* _EXERCISE_:
In the records below, find the line that contains "Bild: Schuhplus stellt" and the line that contains "LACOSTE – CLASSIC"; write out exactly those two lines and everything between them, without the pictures.

* _DATA FOR THIS EXERCISE_:
===

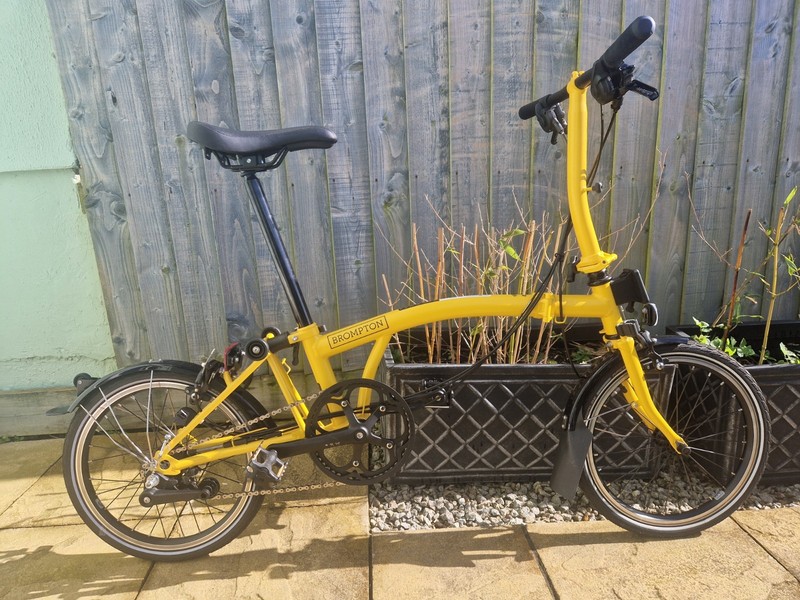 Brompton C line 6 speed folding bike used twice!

===

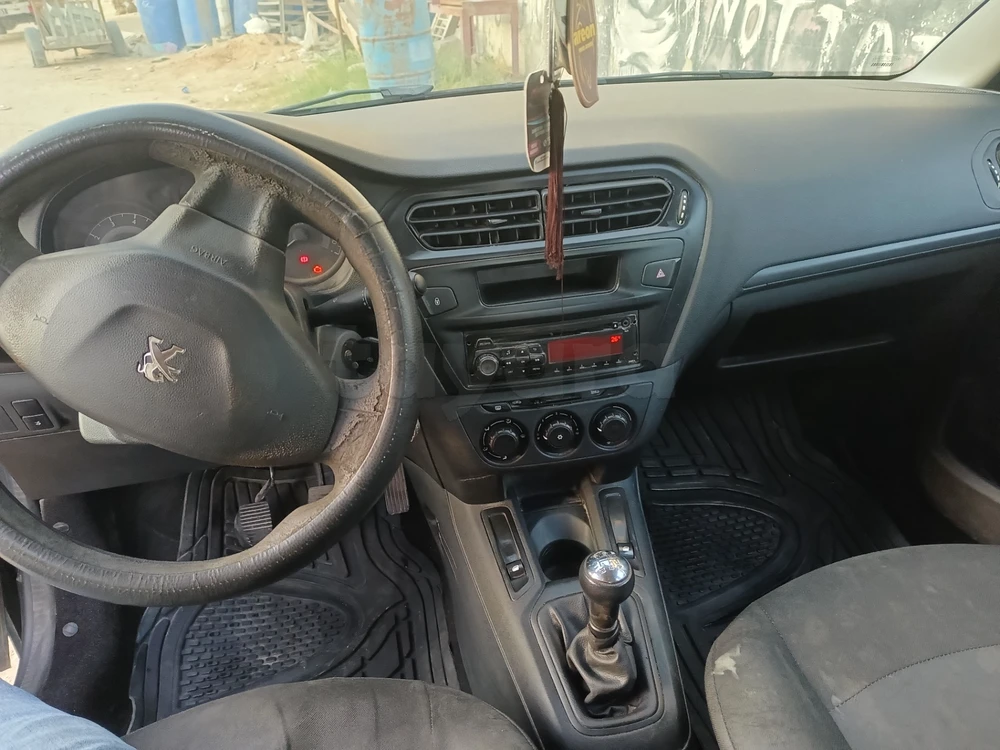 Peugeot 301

===

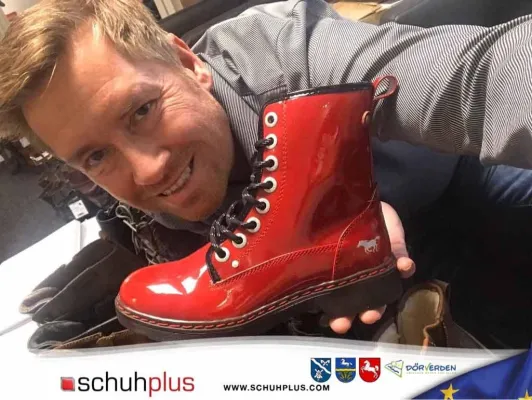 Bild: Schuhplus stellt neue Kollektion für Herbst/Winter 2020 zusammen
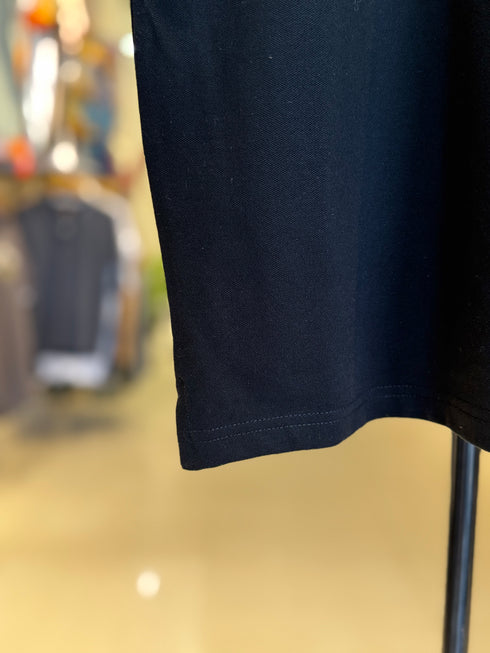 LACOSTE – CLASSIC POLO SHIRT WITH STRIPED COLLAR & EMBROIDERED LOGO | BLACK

===

* _EXPECTED OUTPUT_:
 Bild: Schuhplus stellt neue Kollektion für Herbst/Winter 2020 zusammen
 LACOSTE – CLASSIC POLO SHIRT WITH STRIPED COLLAR & EMBROIDERED LOGO | BLACK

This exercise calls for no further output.